Accelerating star formation of dense clumps

TL;DR

This paper introduces a statistical framework demonstrating that star formation in dense clumps accelerates over time, with virial mass and core growth increasing exponentially, linking protostar and protocluster evolution.

Contribution

The study presents a novel, unified framework for understanding accelerating star formation across scales using dust temperature as an evolutionary indicator.

Findings

Virial mass increases exponentially with normalized time.

Growth timescales of protoclusters and massive protostars are comparable.

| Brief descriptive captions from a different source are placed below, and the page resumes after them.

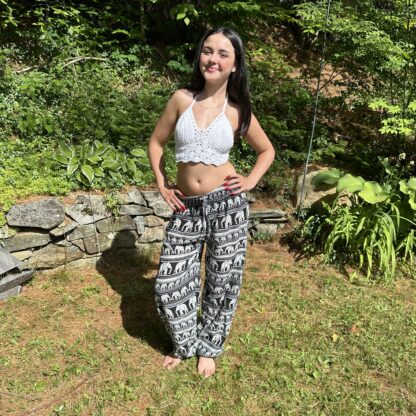 A woman standing in the grass wearing black and white pants.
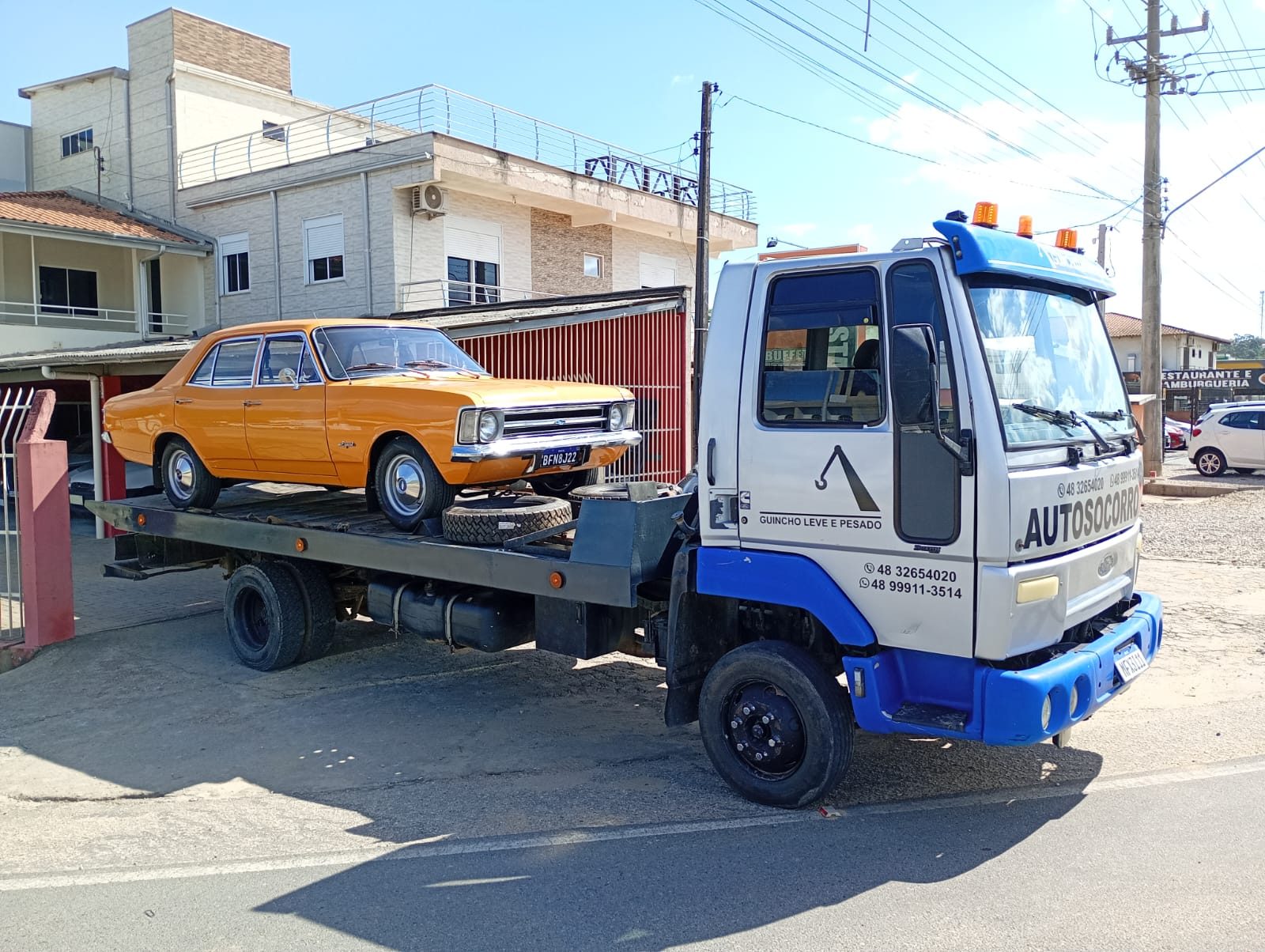 Guincho de plataforma transportando um Chevrolet Opala restaurado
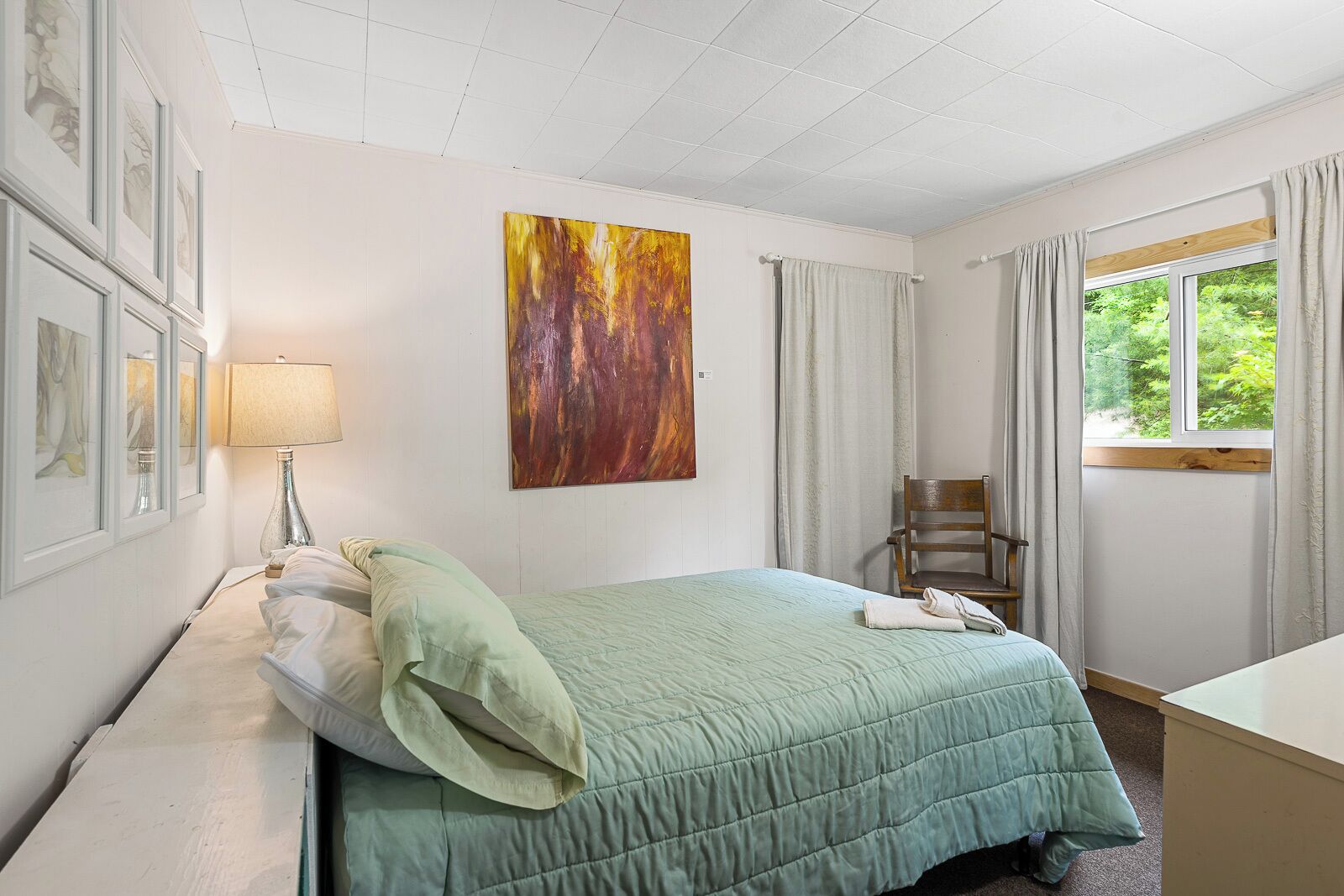 Une chambre à coucher avec un lit, une chaise, un bureau, un tableau et une fenêtre avec des rideaux.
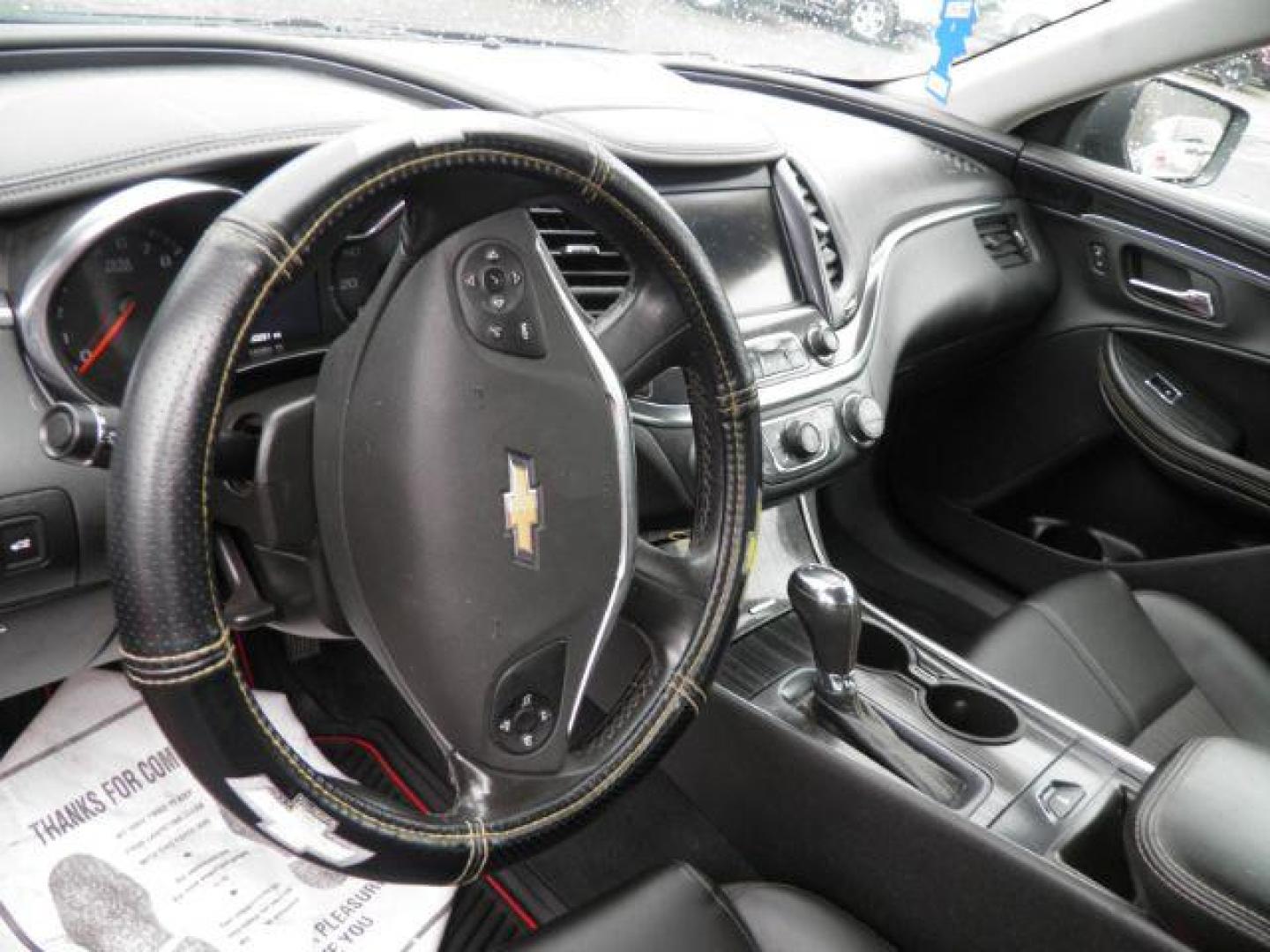 2016 Black Chevrolet Impala LT (2G1115S33G9) with an 3.6L V6 engine, AT transmission, located at 19521 New George's Creek Rd SW, Barton, MD, 21521, (301) 463-2404, 39.524323, -79.017906 - Photo#2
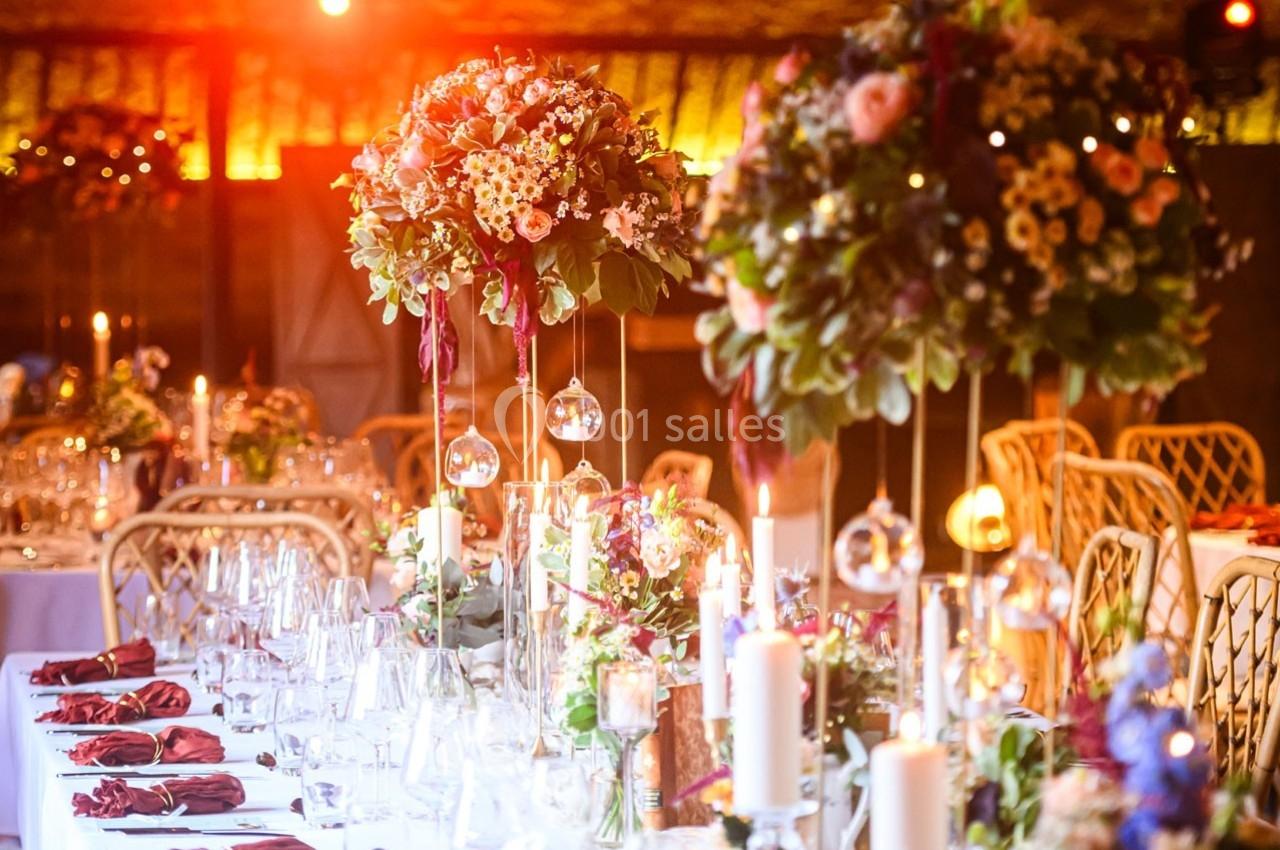 Location salle Maligny (Côte-d'Or) - Domaine du Grand Nanteux #36 Tables décorées pour un événement avec chandeliers, compositions florales suspendues et lumière tamisée.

Reproduces observed luminosity evolution and dense gas star formation law.

Abstract

We present a statistical framework that establishes an accelerating star formation scenario for dense clumps using ATLASGAL and ALMAGAL samples. By employing the cumulative distribution function of dust temperature as a monotonic evolutionary indicator, we linearize clump evolution into a normalized timescale, enabling direct comparison across different samples. The virial mass of clumps increases exponentially with this normalized time, revealing an accelerating buildup of star-forming gas within protoclusters. The evolution of the maximum core mass further shows that the growth timescales of protoclusters and their embedded most massive protostars are comparable, implying a self-similar acceleration of star formation from the stellar to the protocluster scale. This unified framework naturally reproduces the observed evolution of luminosity, the core mass function, the mass growth of the most massive protostars, and the dense gas star formation law on clump scales, establishing a coherent picture of accelerating star formation across scales.